Task material =>
##############################
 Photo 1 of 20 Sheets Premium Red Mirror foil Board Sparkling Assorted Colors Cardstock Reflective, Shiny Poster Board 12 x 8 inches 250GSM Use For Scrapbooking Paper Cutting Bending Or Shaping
##############################
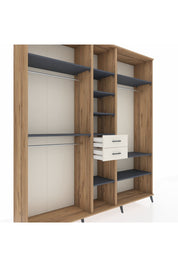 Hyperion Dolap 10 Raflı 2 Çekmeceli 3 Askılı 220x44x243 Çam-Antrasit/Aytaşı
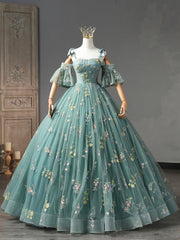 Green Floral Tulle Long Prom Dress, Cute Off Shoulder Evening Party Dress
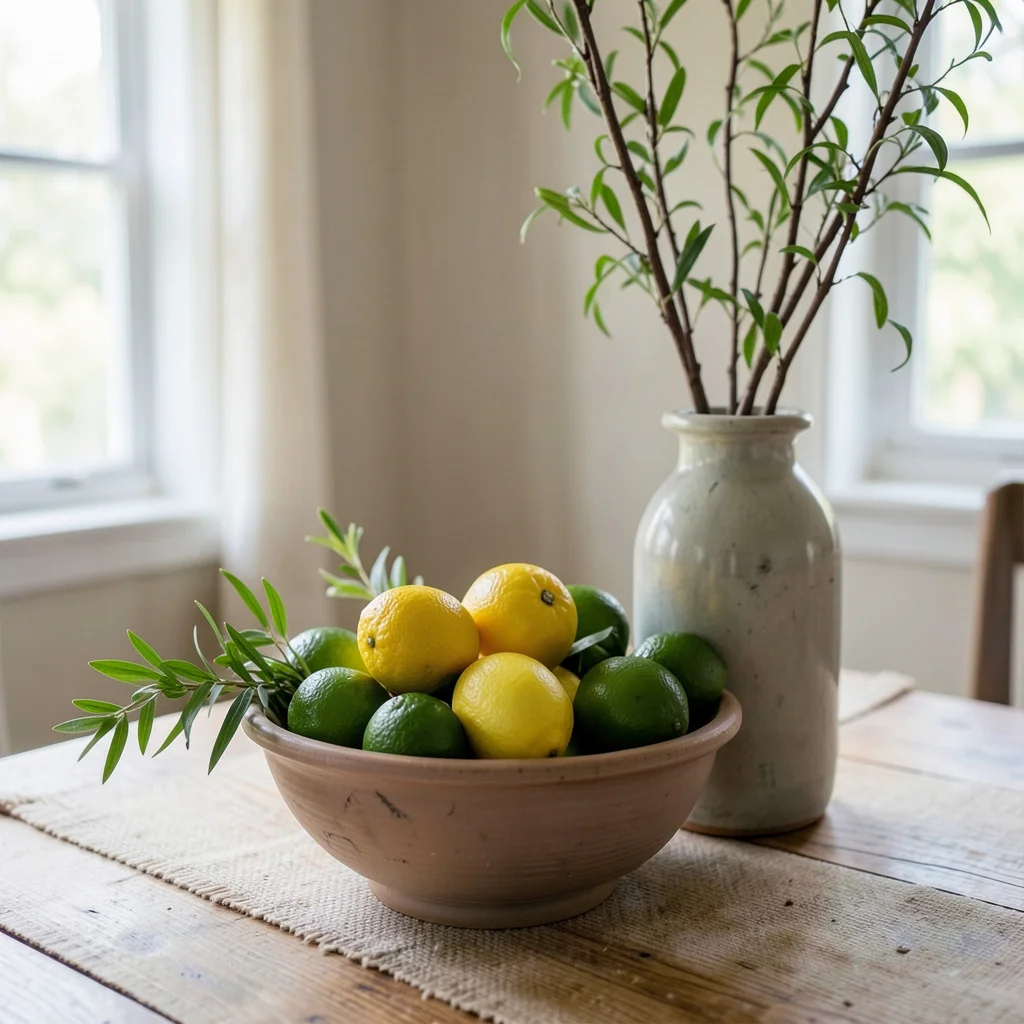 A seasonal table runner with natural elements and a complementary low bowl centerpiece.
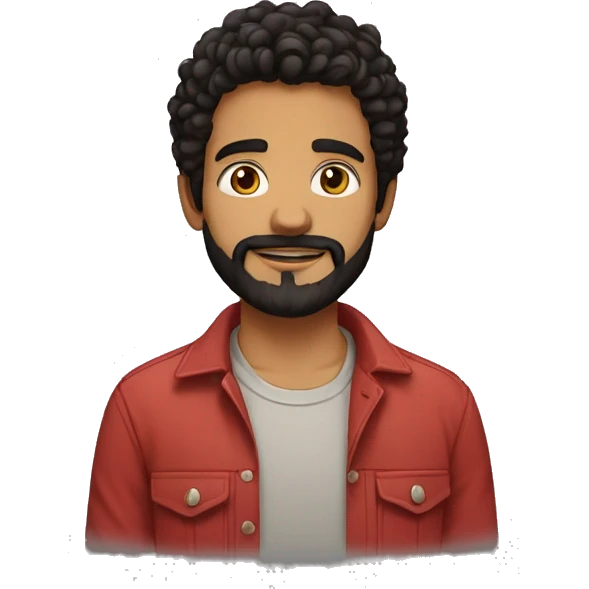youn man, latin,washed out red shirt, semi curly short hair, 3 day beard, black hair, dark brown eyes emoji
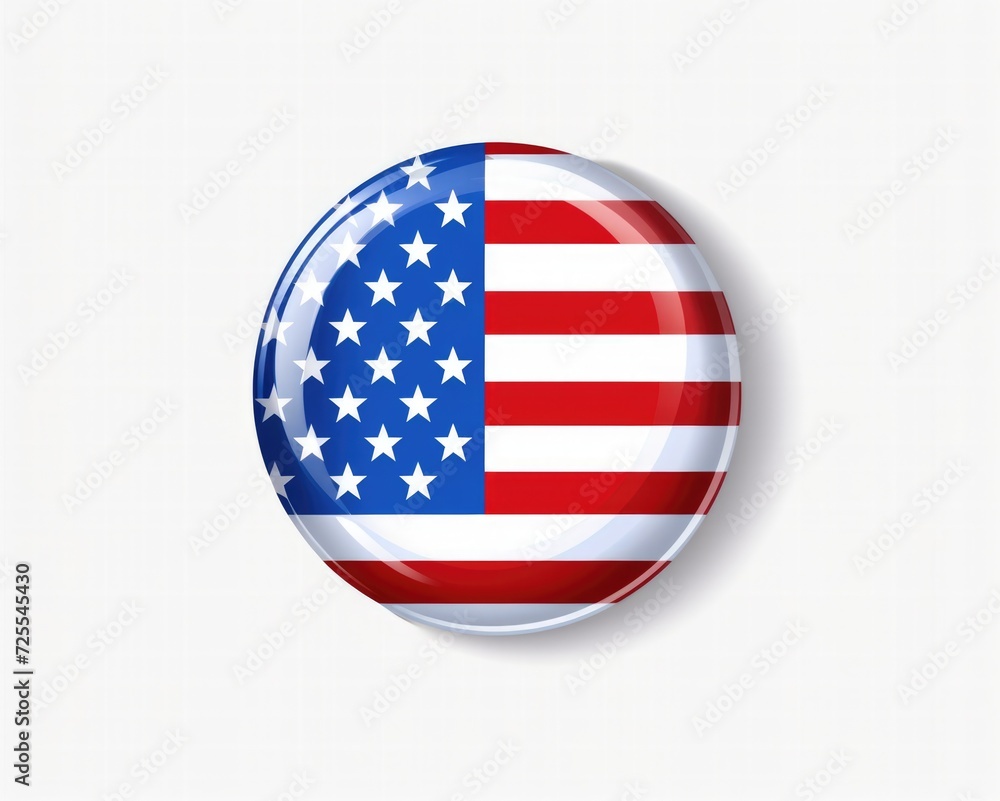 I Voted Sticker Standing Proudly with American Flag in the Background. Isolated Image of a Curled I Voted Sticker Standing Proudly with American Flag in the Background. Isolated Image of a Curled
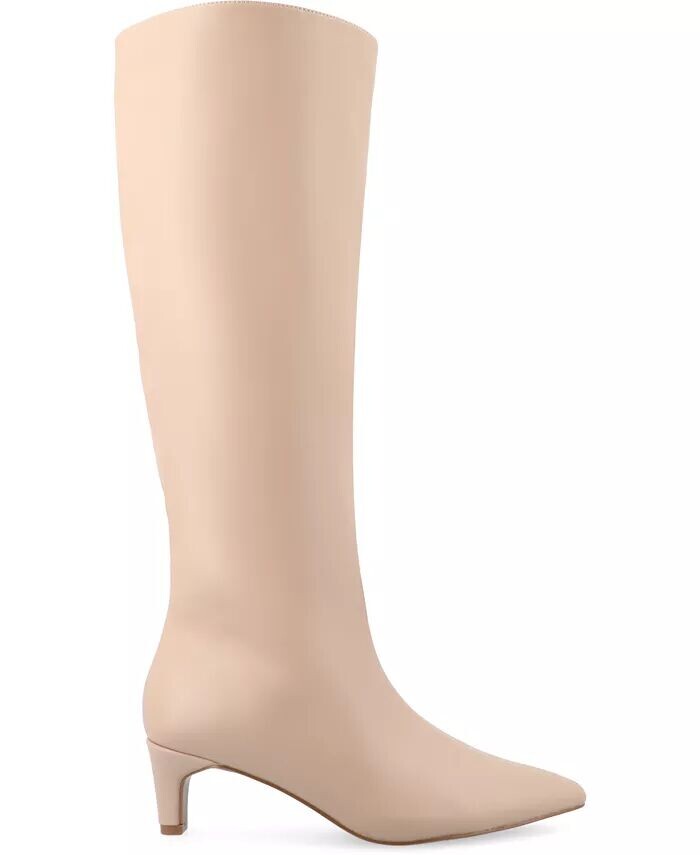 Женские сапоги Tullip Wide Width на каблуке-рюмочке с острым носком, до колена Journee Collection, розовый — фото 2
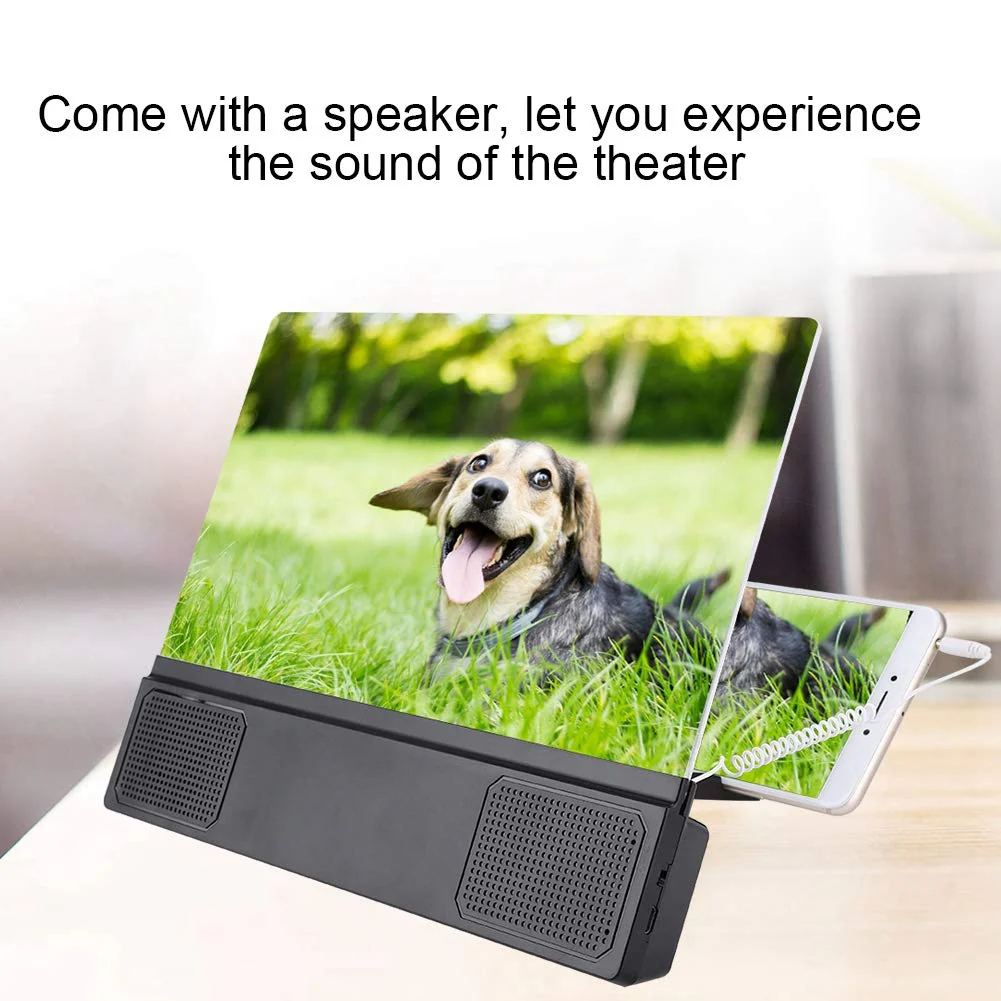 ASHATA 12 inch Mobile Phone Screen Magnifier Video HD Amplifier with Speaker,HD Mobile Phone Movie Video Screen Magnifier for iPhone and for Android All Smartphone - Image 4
##############################
Extract the part of the records that opens with the line containing "youn man, latin,washed" and closes with the line containing "Женские сапоги Tullip". Take only those lines, exactly, and no pictures.

Task answer =>
youn man, latin,washed out red shirt, semi curly short hair, 3 day beard, black hair, dark brown eyes emoji
 I Voted Sticker Standing Proudly with American Flag in the Background. Isolated Image of a Curled I Voted Sticker Standing Proudly with American Flag in the Background. Isolated Image of a Curled
 Женские сапоги Tullip Wide Width на каблуке-рюмочке с острым носком, до колена Journee Collection, розовый — фото 2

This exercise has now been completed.